The Uniontown students turned their history project into a national cause and appeared on many media outlets and in numerous newspaper articles. They became knowledgeable on the Holocaust, World War II, and the Polish Underground. Their lives were changed forever. Their correspondence, research and project materials have been used in at least twenty colleges and universities in their curriculum. They raised funding to go to Poland, meet Irena, and study and follow her journey. In subsequent years, other trips to Poland have taken place, in addition to meetings with Irena and the children that she saved. Most were never reunited with their families; most of the parents of the children had been murdered in the Treblinka Death Camp.
In addition to affecting their own community, the Jewish community of Kansas City became involved through funding opportunities and outreach to other communities in North America.

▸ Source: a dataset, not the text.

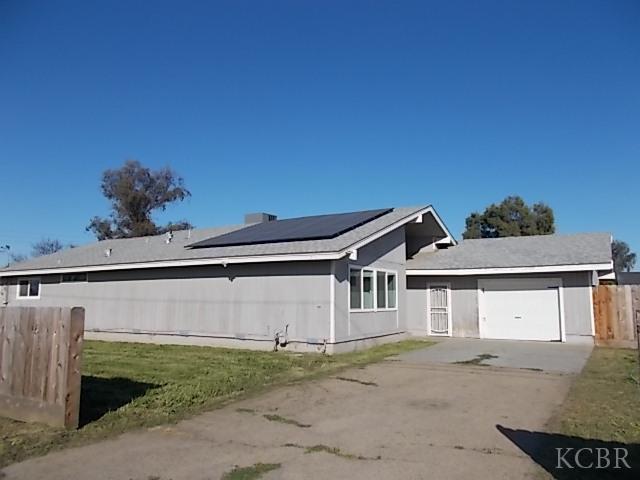 11557 4th Pl, Hanford, CA 93230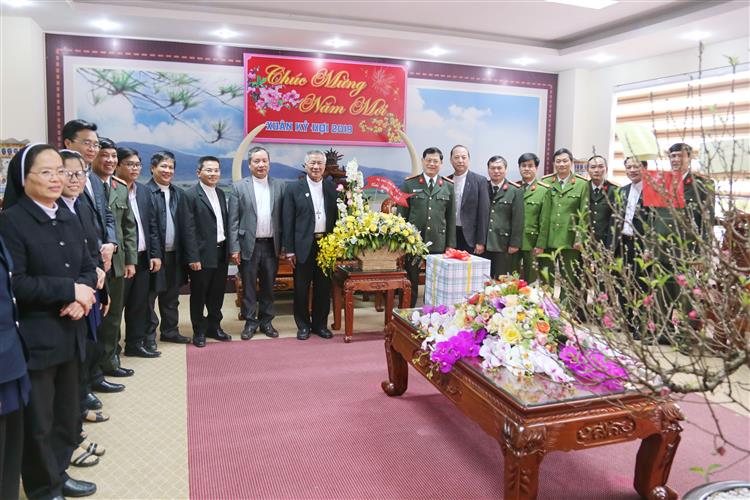 Đoàn chức sắc tòa giám mục giáo phận Vinh đã gửi lời chúc tốt đẹp nhất tới toàn thể CBCS Công an tỉnh Nghệ An nhân dịp đón tết cổ truyền của dân tộc.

Scholarships in Irena’s name were established to aid the Uniontown students who needed assistance with college tuition. The Milken Family Foundation produced a DVD and study guide that has been placed in more than 1,000 schools throughout the United States and around the world. More than 1,500 media outlets have presented articles about the Kansas students and the Polish hero. In 2006, an international Irena Sendler award was started. Schools have been named after her and books in Polish and German about her courage and bravery have been published. In 2007, she was nominated for a Nobel Peace Prize. She passed away on May 12, 2008, at age 98.
Although Irena did not seek recognition, her story spoke to the values of extraordinary heroism. Reaching out to a community that was not hers, saving children destined for “extermination” in a cruel and brutal environment, Irena risked her life and the lives of hundreds of others, including 25 other social workers that helped her in her task.
As much of the world turned a blind and indifferent eye to the suffering and destruction of the Jews in Europe, I wonder how and why a comfortable, educated woman would become the inspiration for rescue and salvation for the doomed and the disenfranchised Jewish people of Poland. I marvel at her determination and her courage and hope that others find inspiration in her story and in the story of the Uniontown, Kansas, students who made her story their own.
Irena Sendler saved thousands of children. In the end, it was children who saved her inspiring story from the shadows of history.